Clients are not max power! Client might be able to hear the AP, but the client doesn't have enough juice to transmit back to the AP. What happens then? AP retransmits. And retransmits. And other clients have to be silent.
Recommendation:
- Create smaller cells
- Design for capacity
- Use Radio Resource Mgmt (RRM) in the controller with Max 17dBm
3 - 2.4GHz is still the most important⌗
Easy answer: NO
Recommendations:
- Design your network for 5GHz
- Don't buy any more 2.4GHz single radio APs! (Is there such a thing?)
4 - AP Placement⌗
Some awesome fail pics in the deck
Tl;dr — don't put you APs inside a metal cage!
Also... Cisco APs are not stackable! Putting two on top of each other is counter productive :-)
Polarization matters
- Clients are designed for vertical polization
- Orient your external antennas verticallyÂ
- Orient your internal-antenna APs horizontally (don't mount them on the wall)
wigle.net — global wifi network statistics (go search your home address and look for your SSID!)

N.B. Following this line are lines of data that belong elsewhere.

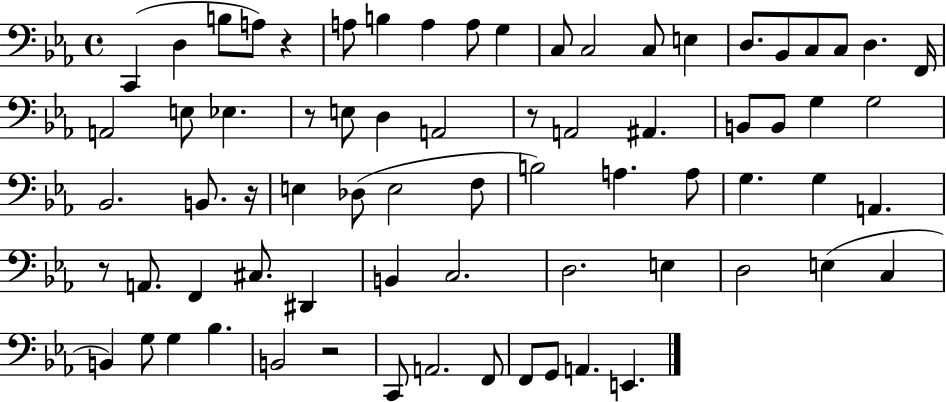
{
  \clef bass
  \time 4/4
  \defaultTimeSignature
  \key ees \major
  \repeat volta 2 { c,4( d4 b8 a8) r4 | a8 b4 a4 a8 g4 | c8 c2 c8 e4 | d8. bes,8 c8 c8 d4. f,16 | \break a,2 e8 ees4. | r8 e8 d4 a,2 | r8 a,2 ais,4. | b,8 b,8 g4 g2 | \break bes,2. b,8. r16 | e4 des8( e2 f8 | b2) a4. a8 | g4. g4 a,4. | \break r8 a,8. f,4 cis8. dis,4 | b,4 c2. | d2. e4 | d2 e4( c4 | \break b,4) g8 g4 bes4. | b,2 r2 | c,8 a,2. f,8 | f,8 g,8 a,4. e,4. | \break } \bar "|."
}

5 - Not enough Attention to Security⌗
- WPA2 is a minimum!
- With CCMP; using TKIP is secure, but reduces throughput
- WPA2 Personal is pre-shared key; i.e., for personal use
6 - Hype vs Reality⌗
We want those big shiny data sheet numbers, but how realistic is that?
Mega data rates:
- Requires multi spatial streams on the AP
- Yes, APs are multi special streams
- Mobile devices.... No. So no mega throughput on your iPhone.
- And yes, more spatial streams on the mobile devices means faster battery burn
Multi-user MIMO:
- AP can talk to 3 clients at the same time instead of just one at a time
- Downstream only
- And not many clients support it
7 - Of course I did a Site Survey⌗
Survey phases:
- Predictive
- Pre-deployment
- Post-deployment
- Periodic health check
Don't forget to survey inside the washrooms. They're heavy use areas.
Some interesting advice about how fast to walk while doing the survey. Things like doing 2.4Ghz, 5Ghz, or both and number of wireless adapters in your scanning machine make a big difference in how fast you can walk. So does the survey tool you're using (due to different default scan intervals).
You really need to do surveys at all phases (planning, pre-, post-deploy) and regularly thereafter.